An older child might recognise that she appears a certain way – the way she appears in the mirror – but may not fully comprehend that others also see her the same way.
You can help your children develop stronger emotional and physical self-awareness from birth by including activities in their daily routine.
1. Call them by their name
Children develop self-awareness and a deeper understanding of the world through interacting with you and learning about your feelings.
When you’re feeding, bathing or playing with your baby, talk about what you are doing and call them by their name. Calling your baby’s name helps them realise that they are unique and separate from the other people around them.
2. Express your own feelings
Help your baby learn about feelings by expressing your own feelings with your facial expressions, tone of voice and body language when you are interacting with them.
3. Express your baby’s feelings
You can also help your baby recognise their feelings by describing what you see by saying things such as, “You look so happy with that smile!”
WHAT ABOUT PHYSICAL SELF-AWARENESS?
Another important aspect of self-awareness is a physical self-awareness or body awareness.
1. Give baby space to move
To become aware of their own body, your baby needs to be able to tell that they have their own physical body that is separate from others.
During the first few months, provide a safe space for your baby to move when lying down so that they can discover their body. Give them something to reach out and hold or something they can swat with their hands and feet.

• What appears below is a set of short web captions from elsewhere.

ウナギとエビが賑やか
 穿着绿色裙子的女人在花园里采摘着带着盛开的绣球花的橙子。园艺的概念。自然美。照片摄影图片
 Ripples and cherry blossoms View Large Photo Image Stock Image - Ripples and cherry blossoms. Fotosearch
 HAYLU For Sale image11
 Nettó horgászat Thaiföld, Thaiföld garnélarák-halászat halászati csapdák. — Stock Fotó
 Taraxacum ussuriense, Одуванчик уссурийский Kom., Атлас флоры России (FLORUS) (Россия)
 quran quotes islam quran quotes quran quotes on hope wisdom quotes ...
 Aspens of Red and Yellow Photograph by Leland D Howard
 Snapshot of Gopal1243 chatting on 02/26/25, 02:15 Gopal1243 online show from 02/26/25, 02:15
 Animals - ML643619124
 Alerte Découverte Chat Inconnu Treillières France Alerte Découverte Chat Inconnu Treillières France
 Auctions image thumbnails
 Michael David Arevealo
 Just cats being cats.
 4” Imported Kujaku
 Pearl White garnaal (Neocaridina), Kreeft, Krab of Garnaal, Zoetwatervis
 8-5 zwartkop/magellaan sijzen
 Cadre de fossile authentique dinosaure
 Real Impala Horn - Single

As the baby becomes more mobile, give them room to move around and play games that allow them to discover what their body can do.
2. Teach about the body through song
You can also sing songs about your baby’s body parts, naming and touching them as you sing.
3. Use the mirror
Another great way to help your baby develop physical self-awareness is to let them see their reflection in the mirror and play with that reflection.
The baby probably will not know that’s them in the mirror at first but it’s the first step to building that understanding.
Becoming self-aware helps your children thrive as they grow up into healthy individuals. Take time today to build your children’s self-awareness inside out.